Provided data Start Marker

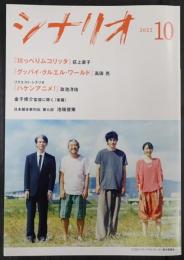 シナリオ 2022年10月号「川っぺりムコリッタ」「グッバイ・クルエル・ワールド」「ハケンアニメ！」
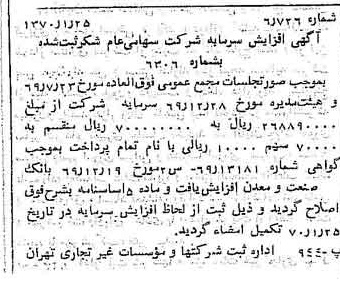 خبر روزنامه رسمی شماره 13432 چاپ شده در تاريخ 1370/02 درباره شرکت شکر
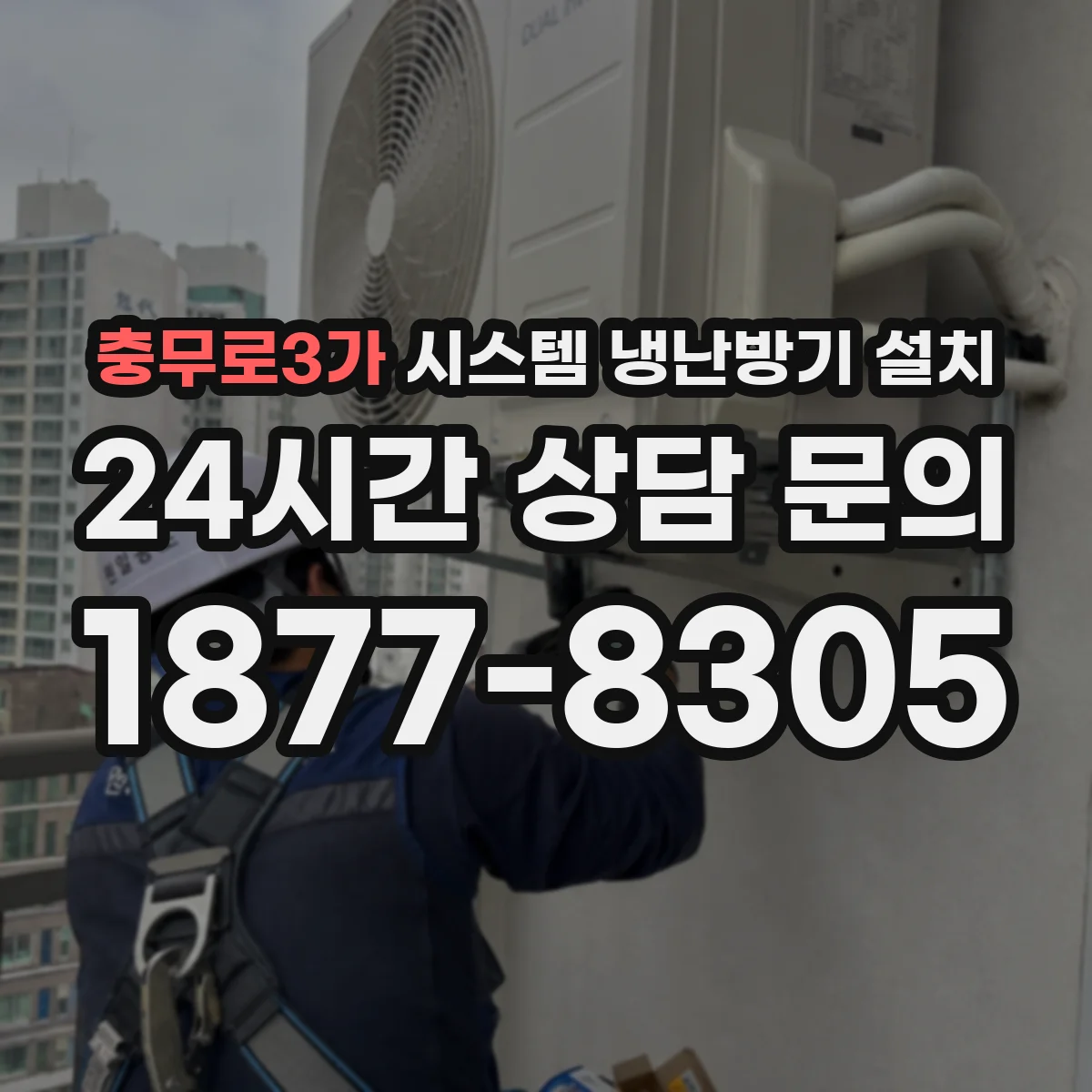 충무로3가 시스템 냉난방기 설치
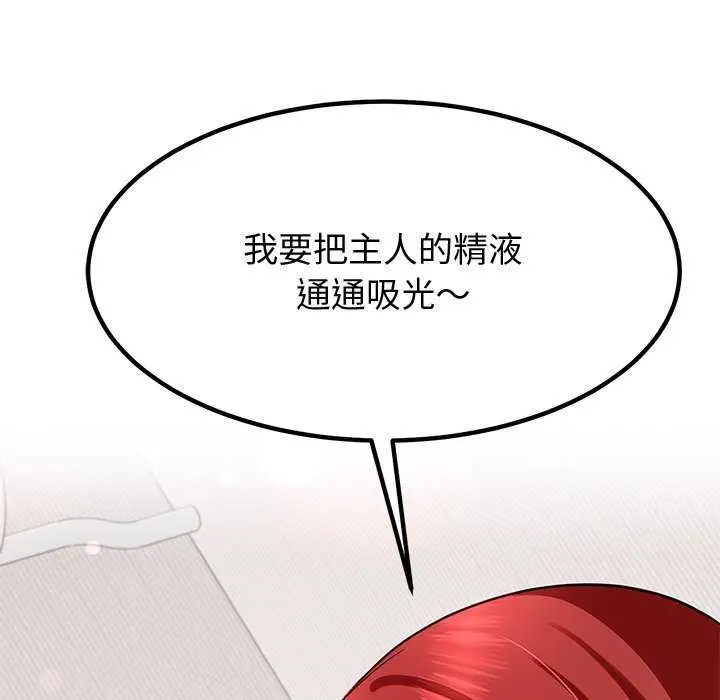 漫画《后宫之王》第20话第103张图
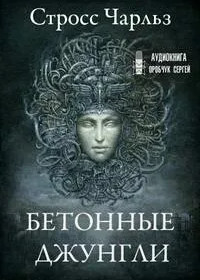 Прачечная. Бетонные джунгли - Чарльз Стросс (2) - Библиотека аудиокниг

Provided data End Marker
Provided data Start Marker

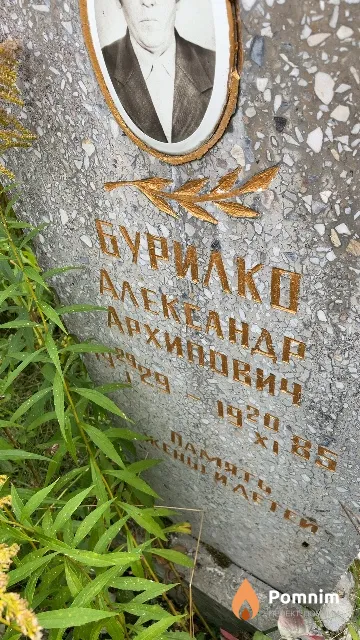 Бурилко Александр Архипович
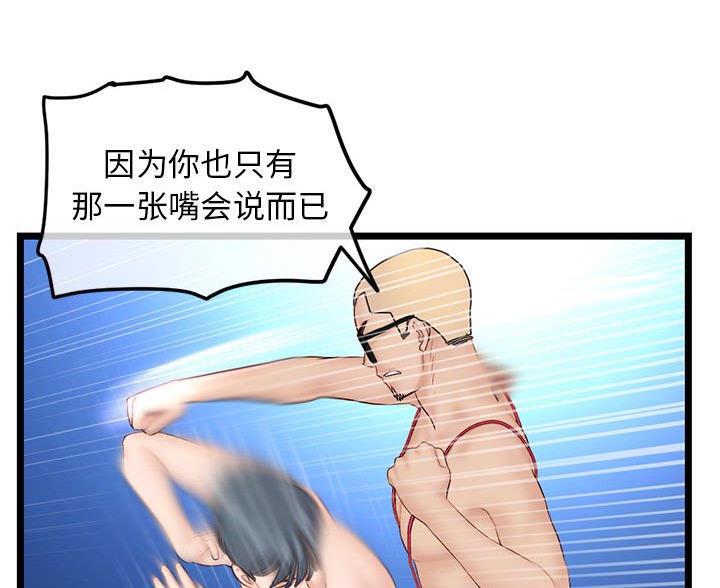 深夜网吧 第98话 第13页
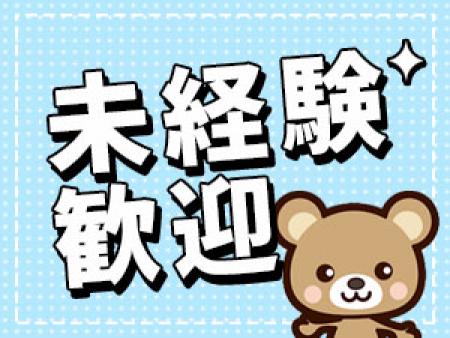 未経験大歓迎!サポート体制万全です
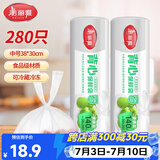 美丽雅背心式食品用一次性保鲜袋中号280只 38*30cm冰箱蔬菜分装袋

Provided data End Marker
Provided data Start Marker

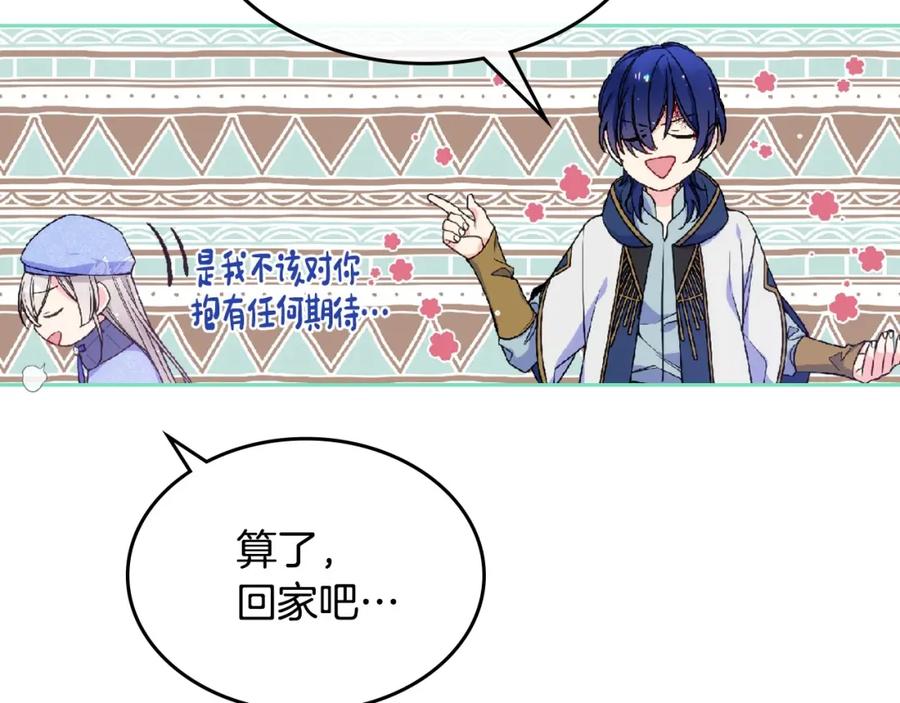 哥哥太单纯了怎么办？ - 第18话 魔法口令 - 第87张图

Provided data End Marker

Copy word for word the lines of the records above from the one with "خبر روزنامه رسمی" up to and including the one with "Прачечная. Бетонные джунгли". Skip the pictures.

 خبر روزنامه رسمی شماره 13432 چاپ شده در تاريخ 1370/02 درباره شرکت شکر
 충무로3가 시스템 냉난방기 설치
 漫画《后宫之王》第20话第103张图
 Прачечная. Бетонные джунгли - Чарльз Стросс (2) - Библиотека аудиокниг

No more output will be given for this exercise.